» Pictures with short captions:
----

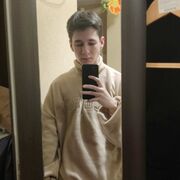 ���������� ������, ���� ����� ������, 22 ����, ������������ ��� ������, ����� � ���������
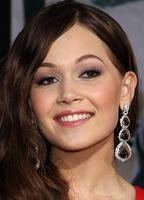 Келли Берглунд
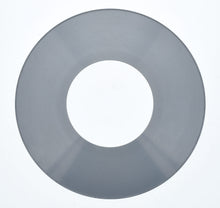 Linn LP12 Outer Platter  (Preowned, Ref 006014)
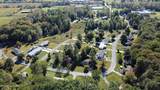  Edgewood Blvd - Photo 10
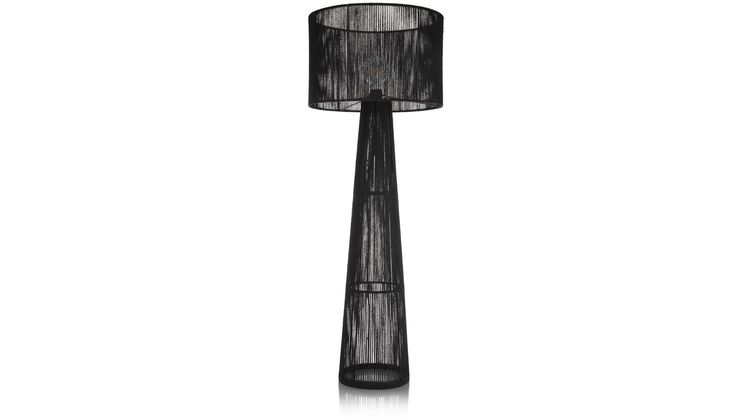 COCO maison Tali Vloerlamp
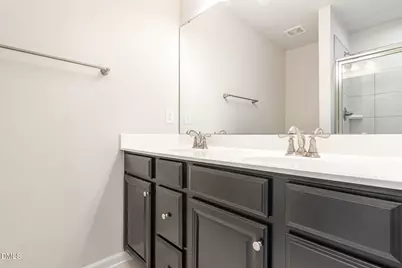 464 Brier Summit Place, Durham, NC 27703 - Photo 16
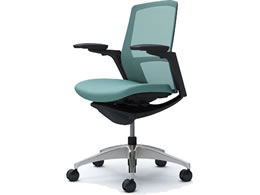 �I�J���� �t�B�m�� �~�h���o�b�N ���N�b�V���� �A�W���X�g�I �Z�[�W C783BR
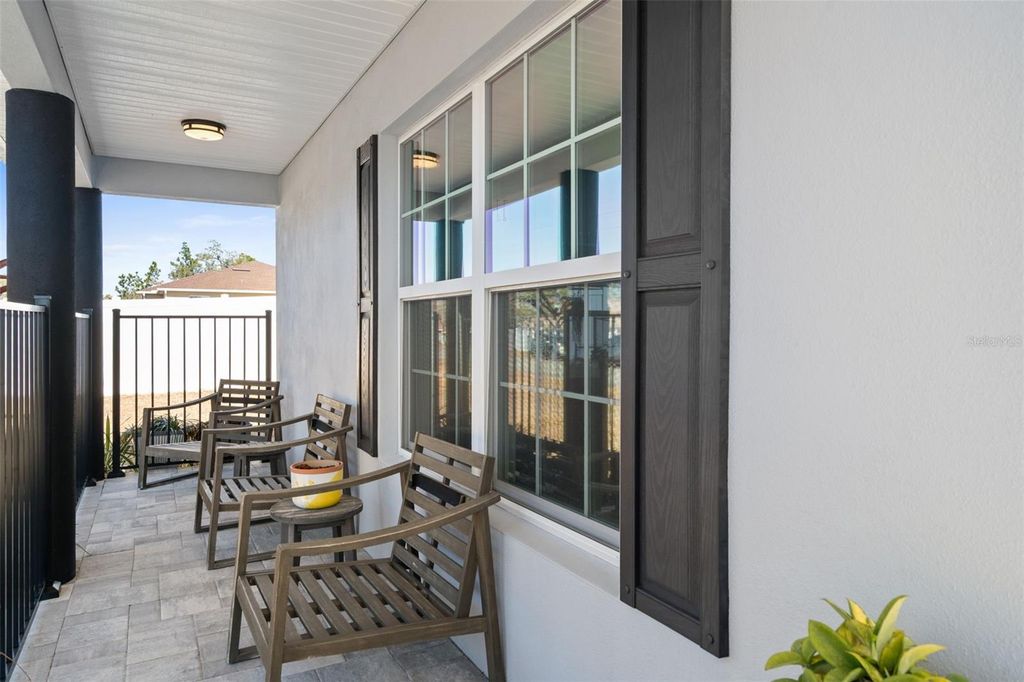 Image 10 of property listing at 11202 HORNED OWL ROAD, Weeki Wachee, FL 34614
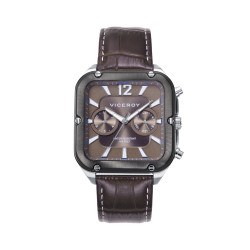 Reloj Viceroy Hombre Magnum...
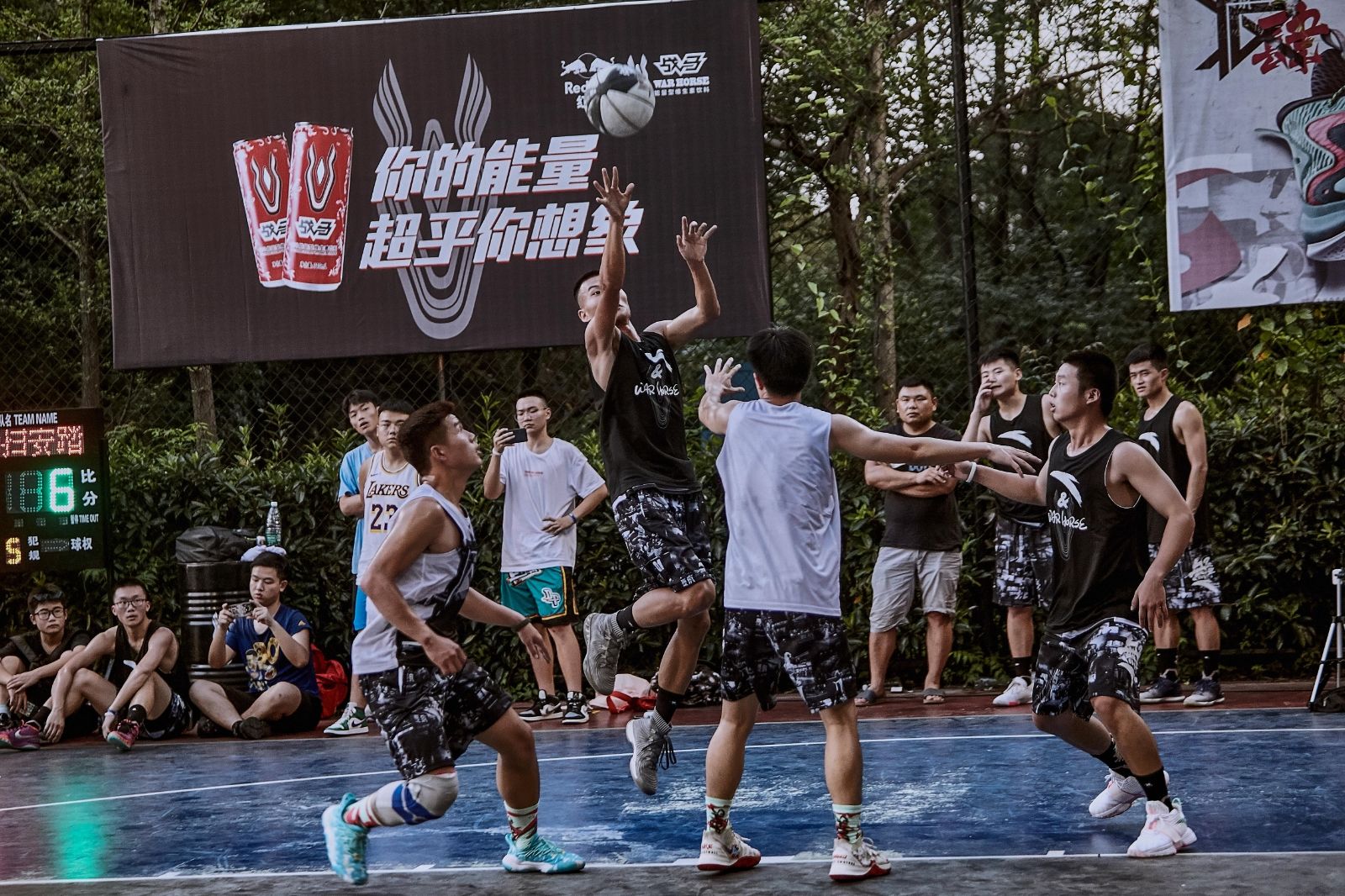 乐动·网站在线官网-乐动（中国）
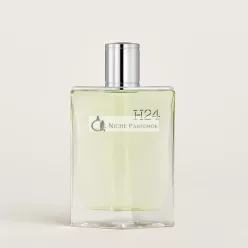 Hermès H24 Eau de Parfum für Herren 175 ml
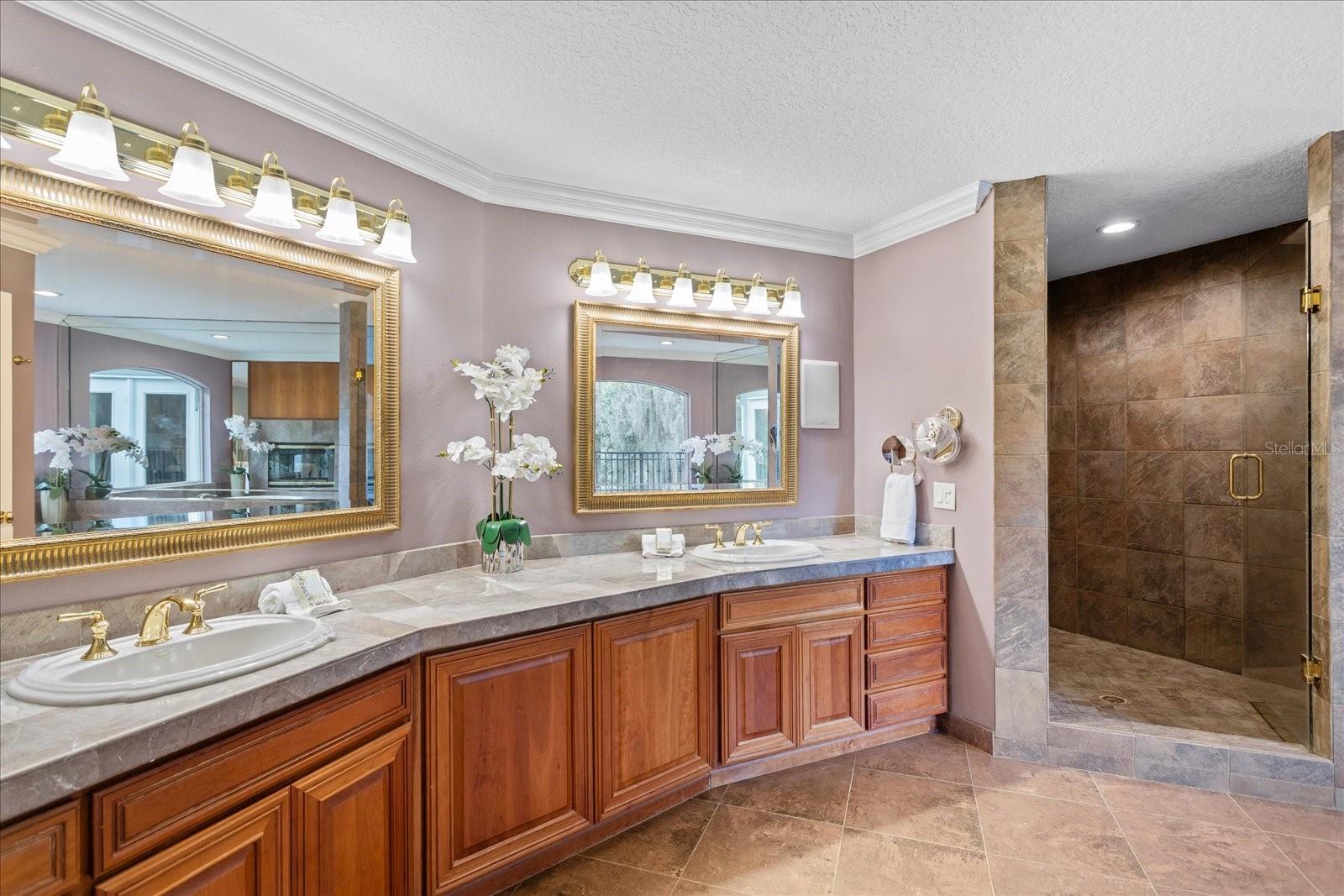 BEAR CREEK ESTATES - Residential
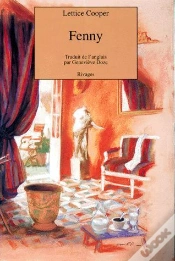 Capa do artigo Fenny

----

» Required work: Retype exactly, please, the span from the line holding "Reloj Viceroy Hombre Magnum..." through the closing line of the data, both ends included, without the pictures.

» Exercise answer:
 Reloj Viceroy Hombre Magnum...
 乐动·网站在线官网-乐动（中国）
 Hermès H24 Eau de Parfum für Herren 175 ml
 BEAR CREEK ESTATES - Residential
 Capa do artigo Fenny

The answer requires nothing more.